Initial guess for temperature(s) can be problematic when setting state with conserved variables

[mgoodson-cvd]

When using set_state with vars = 0, which uses conserved variables (partial densities rhoY and total internal energy density rhoe and vibrational energy rhoev for 2T), a Newton iteration is required to determine the temperature. This is done for 1T using getTfromRhoE and for 2T using solveEnergies. The Newton iteration requires an initial guess for the temperature. In both instances, the initial guess for the temperature comes from m_T, which is the stored temperature in memory. If using set_state for the first time since initializing a mixture object, the initial guess will be 300 K because this is what m_T is initialized to in the StateModel constructor.
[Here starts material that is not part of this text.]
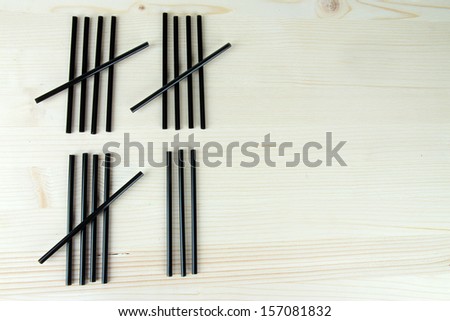 Cocktail tubes - counting days concept on wooden background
However, on all subsequent calls using the same mixture object, m_T will simply be whatever was in memory from the last time the temperature was set.

This isn't necessarily wrong or even a bad idea. Imagine using M++ in a code and looping over cells, using a single mixture object, passing in conserved vars. The first cell performs the Newton solve, gets its temperature, carries on. If the next cell in your loop isn't in too different of a state, which is usually the case, the previous solution is probably a great initial guess. However, I see three potential issues with this. The first is when the next cell isn't in a similar state, such as when crossing a shock. However, Newton does pretty well with a sane initial guess, so this is likely okay. The second is when the previous cell didn't converge for some reason. If this happens, you're probably in trouble anyway, but your next call to M++ might fail due to the bad initial guess, even if you gave it sane inputs. This seems bad. The third major issue is repeatability. The fact that my initial guess depends on the previous call means that if I change the cell order, I can get different results. As long as my Newton iteration converges, this is likely not a major issue.

Of these three issues, the second issue is the most concerning to me. There are several potential remedies.

The first is to always start from the same initial guess. There is actually commented out code in the 2T solveEnergies function that sets both m_T and m_Tv to 500 K for the initial guess, every time. Is this safer than the above? Yes. Is it less performant? Likely yes.

The second is to allow the user to specify an initial guess. This can actually already be accomplished by just calling set_state with vars=1, passing in temperatures and partial densities. The temperatures will be used to set m_T and m_Tv and as long as you don't do anything else, those will be preserved in memory and used as the initial guesses when you call set_state with vars=0. This method does not require code modification, but instead places the burden on the user to call set_state twice. Alternately, an optional input could be added to set_state with the temperature(s) array.

The third is to check whether or not the stored value for m_T and m_Tv are sane before using it as the initial guess. If the value is "bad" (which would need to be defined...), then reset to some sane value, like 500 K. I would define a "good" temperature to be between 50 K and 20,000 K. The 1T getTfromRhoE already "clamps" the temperature at 50 K, so that seems like a good lower bound. I think I've seen an upper bound on temperature somewhere in M++ but I can't recall where; but if you're using M++ above 20,000 K, you may want to think again.

I am leaning toward the option 3, at minimum. I am leaning away from option 1 because it is less performant. The advantage of option 2 is that a guess provided by the user is likely to be the best. Doesn't mean we can't still have option 3 in there.

[jbscoggi]

Hey @mgoodson-cvd, I'm actually surprised we are still using the previous temperature as the initial condition. I think I have probably commented that out and used a fixed temperature of 500K several times in the past. In fact, using the previous temperature led to a very serious and difficult-to-diagnose bug when computing finite-difference jacobians in a CFD solver. Basically, when the solver would perturb each conserved quantity to compute the finite-difference, the starting point for the temperature would be different each time leading to slightly different results for each perturbation. This in turn would lead to non-zero terms in the jacobian which should have been strictly zero. In generally, it's definitely safer to have a fixed initial guess, or at least a deterministic algorithm for choosing a good guess. For example, you could always compute the enthalpy at two fixed temperatures and do a linear interpolation with the given enthalpy to find an initial temperature. That should always give the same results when providing the same enthalpy and might improve the Newton convergence. This might be a case of premature optimization however. It is probably worth getting some statistics of number of Newton iterations required for a bunch of representative cases to see how much the initial guess matters for performance.

[mgoodson-cvd]

@jbscoggi Very interesting. Commented-out lines left in source, such as the line setting the temperature to 500 K here, are rarely without a purpose or story -- good to learn that for this one!

I can do some testing on convergence. As I mentioned in the original post, I am still somewhat hesitant to always start at a fixed temperature of say 500 K since it will hurt performance on sane cases. However, it will also solve some issues so really the best answer is to allow an initial guess, and if none is provided, then fall back to 500 K. I can't see a scenario in which using what was in memory is desired.